1
votes

I try to rename bigquery rows in an Apache Beam Pipeline in Python like in the following example : Having 1 PCollection with the full data and 1 other with only 3 fields renamed col1 in col1.2, col2 in col2.2...

How can I apply my filter correctly to get that second PCollection with renamed rows ?

def is_filtered(row):
    row['col1'] == row['col1.2']
    row['col2'] == row['col2.2']
    row['col3'] == row['col3.2']
    yield row


with beam.Pipeline() as pipeline:
    query = open('query.sql', 'r')
    bq_source = beam.io.BigQuerySource(query=query.read(),
                                       use_standard_sql=True)    
    main_table = \
        pipeline \
        | 'ReadBQData' >> beam.io.Read(bq_source) \

    cycle_table = (
        pipeline 
        | 'FilterMainTable' >> beam.Filter(is_filtered, main_table))
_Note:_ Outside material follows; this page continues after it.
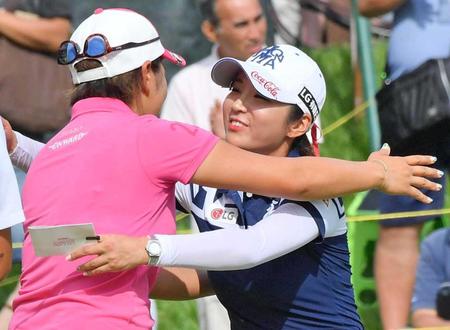 　ホールアウトし同組の成田美寿々（左）と抱き合うイ・ボミ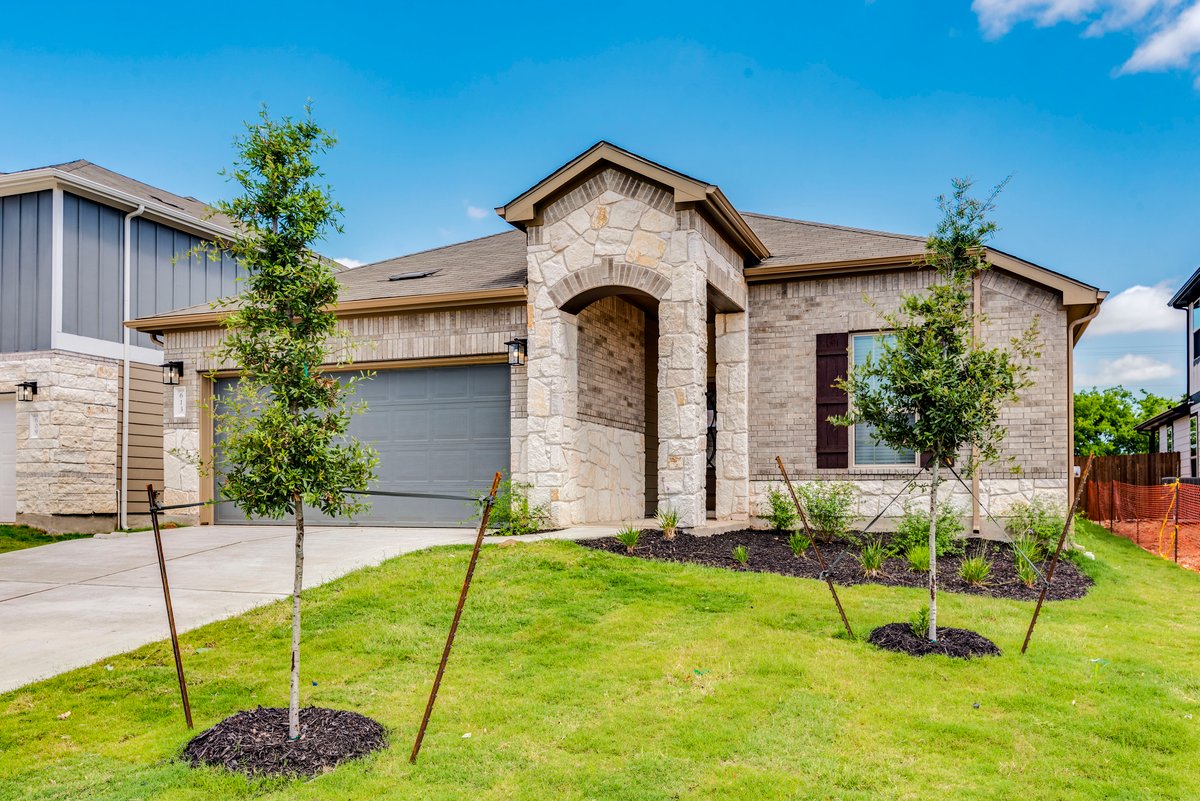 9108 Spire View Austin, TX 78744 - Photo 3 of 30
I also thaught about using Partition but the Partition examples I found were more about partitioning the content of the rows and not the row itself

1

1 Answers

1
votes

The Filter operator is used to create a PCollection with rows removed from the source (it is expected to return a boolean). Use the Map operator if you want to create a PCollection with rows transformed 1:1. Here is an example:

def filter_columns(row):
    return {'col1.2': row['col1'],
            'col2.2': row['col2'],
            'col3.2': row['col3']}


with beam.Pipeline() as pipeline:
    query = open('query.sql', 'r')
    bq_source = beam.io.BigQuerySource(query=query.read(),
                                       use_standard_sql=True)    
    main_table = \
        pipeline \
        | 'ReadBQData' >> beam.io.Read(bq_source)

    cycle_table = (
        main_table 
        | 'FilterMainTable' >> beam.Map(filter_columns))